324 F2d 565 Egan v. American Airlines Inc
324 F.2d 565
Elizabeth Anna EGAN and John H. Seiter, as Administrators of
the Estate of Eileen M. Seiter, plaintiffs-Appellants,
AMERICAN AIRLINES, INC., Defendant-Appellee.
No. 77, Docket 27985.
United States Court of Appeals Second Circuit.
Argued Oct. 21, 1963.
Decided Oct. 21, 1963.
Burton S. Cooper, New York City (Leonard Lerner and Shatzkin & Cooper, New York City, on the brief), for plaintiffs-appellants.
Robert F. Ewald, New York City (P. G. Pennoyer, Jr., Peter J. Magee and Bigham, Englar, Jones & Houston, New York City, on the brief), for defendant-appellee.
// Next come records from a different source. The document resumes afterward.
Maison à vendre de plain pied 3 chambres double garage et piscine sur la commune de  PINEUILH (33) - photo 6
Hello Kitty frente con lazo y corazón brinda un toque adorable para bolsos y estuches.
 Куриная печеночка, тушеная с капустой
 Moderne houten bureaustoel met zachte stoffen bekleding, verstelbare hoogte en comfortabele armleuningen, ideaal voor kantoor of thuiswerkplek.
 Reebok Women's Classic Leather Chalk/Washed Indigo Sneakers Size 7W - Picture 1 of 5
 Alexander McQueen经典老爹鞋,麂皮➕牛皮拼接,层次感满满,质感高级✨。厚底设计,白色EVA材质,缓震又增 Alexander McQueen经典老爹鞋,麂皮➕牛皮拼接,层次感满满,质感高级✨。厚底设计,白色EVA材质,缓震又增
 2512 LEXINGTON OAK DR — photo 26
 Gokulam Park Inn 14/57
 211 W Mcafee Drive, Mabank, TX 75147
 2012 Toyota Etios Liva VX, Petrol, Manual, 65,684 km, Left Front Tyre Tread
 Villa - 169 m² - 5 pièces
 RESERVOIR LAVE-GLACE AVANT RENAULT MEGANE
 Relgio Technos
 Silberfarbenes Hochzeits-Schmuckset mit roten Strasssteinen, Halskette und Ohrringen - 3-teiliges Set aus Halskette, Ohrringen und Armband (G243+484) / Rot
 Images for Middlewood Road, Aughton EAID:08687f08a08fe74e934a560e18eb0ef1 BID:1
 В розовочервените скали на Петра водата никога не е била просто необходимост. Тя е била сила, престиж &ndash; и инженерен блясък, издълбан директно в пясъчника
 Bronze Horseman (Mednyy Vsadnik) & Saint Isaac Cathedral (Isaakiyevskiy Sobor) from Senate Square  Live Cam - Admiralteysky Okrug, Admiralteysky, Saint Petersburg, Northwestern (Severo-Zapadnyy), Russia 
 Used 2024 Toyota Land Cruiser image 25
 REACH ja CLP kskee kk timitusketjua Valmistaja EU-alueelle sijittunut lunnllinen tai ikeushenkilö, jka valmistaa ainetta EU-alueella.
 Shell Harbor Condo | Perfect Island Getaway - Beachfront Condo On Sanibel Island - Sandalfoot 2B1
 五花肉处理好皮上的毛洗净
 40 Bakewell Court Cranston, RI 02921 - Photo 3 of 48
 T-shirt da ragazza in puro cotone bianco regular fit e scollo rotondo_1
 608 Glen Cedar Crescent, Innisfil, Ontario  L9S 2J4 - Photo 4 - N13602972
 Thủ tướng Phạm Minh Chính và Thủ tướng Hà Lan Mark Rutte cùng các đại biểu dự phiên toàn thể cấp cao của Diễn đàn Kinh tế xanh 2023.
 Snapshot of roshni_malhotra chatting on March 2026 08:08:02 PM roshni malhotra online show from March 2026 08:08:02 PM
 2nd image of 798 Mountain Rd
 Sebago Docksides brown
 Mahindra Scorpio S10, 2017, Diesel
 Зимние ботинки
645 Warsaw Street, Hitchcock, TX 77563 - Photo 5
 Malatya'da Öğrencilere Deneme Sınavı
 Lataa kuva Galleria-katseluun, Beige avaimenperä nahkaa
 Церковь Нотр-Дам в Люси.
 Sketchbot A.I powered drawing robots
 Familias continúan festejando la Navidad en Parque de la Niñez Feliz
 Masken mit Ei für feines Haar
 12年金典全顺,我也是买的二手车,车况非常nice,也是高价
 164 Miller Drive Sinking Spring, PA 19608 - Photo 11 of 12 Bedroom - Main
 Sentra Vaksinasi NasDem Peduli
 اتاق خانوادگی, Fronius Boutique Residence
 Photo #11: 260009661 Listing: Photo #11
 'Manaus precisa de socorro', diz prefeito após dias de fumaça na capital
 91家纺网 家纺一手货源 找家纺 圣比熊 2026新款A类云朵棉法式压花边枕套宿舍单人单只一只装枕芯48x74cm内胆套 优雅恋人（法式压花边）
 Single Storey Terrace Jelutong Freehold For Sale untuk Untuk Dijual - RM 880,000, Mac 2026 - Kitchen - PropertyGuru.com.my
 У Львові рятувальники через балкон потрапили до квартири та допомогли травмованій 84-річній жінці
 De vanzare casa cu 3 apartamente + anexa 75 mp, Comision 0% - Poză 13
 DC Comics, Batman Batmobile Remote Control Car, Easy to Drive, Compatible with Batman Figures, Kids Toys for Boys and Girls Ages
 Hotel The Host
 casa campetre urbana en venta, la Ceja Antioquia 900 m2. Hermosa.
Before LUMBARD, Chief Judge, and MEDINA and FRIENDLY, Circuit Judges.
MEDINA, Circuit Judge.
We affirm in open court. The asserted basis of jurisdiction is diversity of citizenship. Judge Rayfiel held that defendant American Airlines, Inc., while incorporated in Delaware, had its principal place of business in New York and dismissed the action for lack of jurisdiction, applying 28 U.S.C. 1332(c). In concluding that New York was the state where American Airlines, Inc. had its principal place of business, Judge Rayfiel correctly analyzed the facts of this particular case. He found that American's 'general over-all management and business policy is prescribed in and directed from New York' where it also conducts a substantial operation; and the record shows that in other states where its physical volume of operation was larger (due in some part to their greater area), American maintained, for the most part, only officers concerned with the activities conducted there. There is no conflict between Judge Rayfiel's decision and Judge Weinfeld's in Scot Typewriter Co. v. Underwood Corp., D.C.S.D.N.Y., 1959, 170 F.Supp. 862, on the one hand, and the Third Circuit case of Kelly v. United States Steel Corporation, 3 Cir., 1960, 284 F.2d 850, on the other; in that case over-all management control was split between New York and Pennsylvania and the court found a predominance of activity in the latter state.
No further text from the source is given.